Antônia se questionou sobre a publicidade do caso. Na noite anterior, assistira ao jornal para ver como eles noticiariam a morte do rapaz. Uma matéria curta, menos de um minuto, falando sobre um assassinato cruel em uma cidadezinha do oeste baiano. Nenhuma menção ao nome ou ao que o morto havia feito dias antes. Nenhuma ligação com o Coronel.

Ponto para a família Pinheiro. Mais um espírito vingativo para habitar as paredes da casa colonial.

Olavo Gusmão fez questão de comparecer ao cemitério no momento em que o cotejo fúnebre de Henrique estava chegando. Como de costume, ele e o Coronel se encararam por alguns segundos, mas logo voltaram a seguir o roteiro de vereadores em uma cerimônia como aquela: cumprimentar os pais do morto, cumprimentar a maioria dos presentes, falar rapidamente com um repórter d’A Voz de Timbaúba. Olavo esperava que Miguel fosse frio, não falasse mais do que duas palavras secas. Mas ele se surpreendeu quando o marqueteiro apertou a sua mão, gesto fotografado pelo repórter do jornal da cidade, e Olavo aproveitou a oportunidade para demonstrar compaixão e se pôr a disposição para eventuais necessidades.

E se divertiu quando percebeu que o Coronel observava a conversa dos dois do outro lado do cemitério. Provavelmente Miguel pagaria por aquela demonstração pública de proximidade a um opositor, porém, qual o preço maior do que perder um filho e a esposa pela fúria cega do Coronel Juca Pinheiro?

Olavo Gusmão, acompanhado de sua exótica esposa, Vera, seguiu pela multidão que acompanhava o cotejo de Henrique cumprimentando e sendo cumprimentado por muitos.

– Mais um para a conta, não é, Juca? – disse Olavo ao ficar frente a frente com o Coronel.

– Não faça politicagem barata no meio de um funeral, Olavo – respondeu, rispidamente, o Coronel. – Tenha compaixão, se não pelo morto, pelos que ficaram.

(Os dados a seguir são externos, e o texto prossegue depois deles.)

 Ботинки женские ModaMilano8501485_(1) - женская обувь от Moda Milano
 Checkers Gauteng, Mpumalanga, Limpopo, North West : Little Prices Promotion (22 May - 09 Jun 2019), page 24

– É um ato de extrema crueldade comparecer no velório de quem você mandou matar – retrucou Olavo Gusmão.

– Outra mentira dessas e você sai daqui algemado, Olavo – o Coronel engrossou a voz. – Os repórteres d’A Voz de Timbaúba iriam adorar a cena do velhinho de bengala sendo conduzido pelos policiais.

– Seu fim será triste, Juca. Triste, doloroso e, acima de tudo, solitário – disse Olavo Gusmão. – Todos que te conhecem sentiriam um prazer imenso em te ver morto… se bem que a morte é pouco para tanto que você já fez.

O Coronel Juca Pinheiro fez uma cara de desdém.

– Ledo engano, excelentíssimo colega.

O Coronel fitou Olavo Gusmão e deu de costas, indo até a sua neta, Jurema Pinheiro.

Olavo observou o Coronel se afastar. Todo ato de maldade tem seu revés. E Juca Pinheiro já acumulara muitos atos perversos em sua vida.

Vera Gusmão pôs a mão no ombro do marido.

– Esse homem me desalinha os chacras, Olavo.

– Ele vai pagar por tudo que fez, Vera.

Olavo Gusmão só não sabia quando e nem como.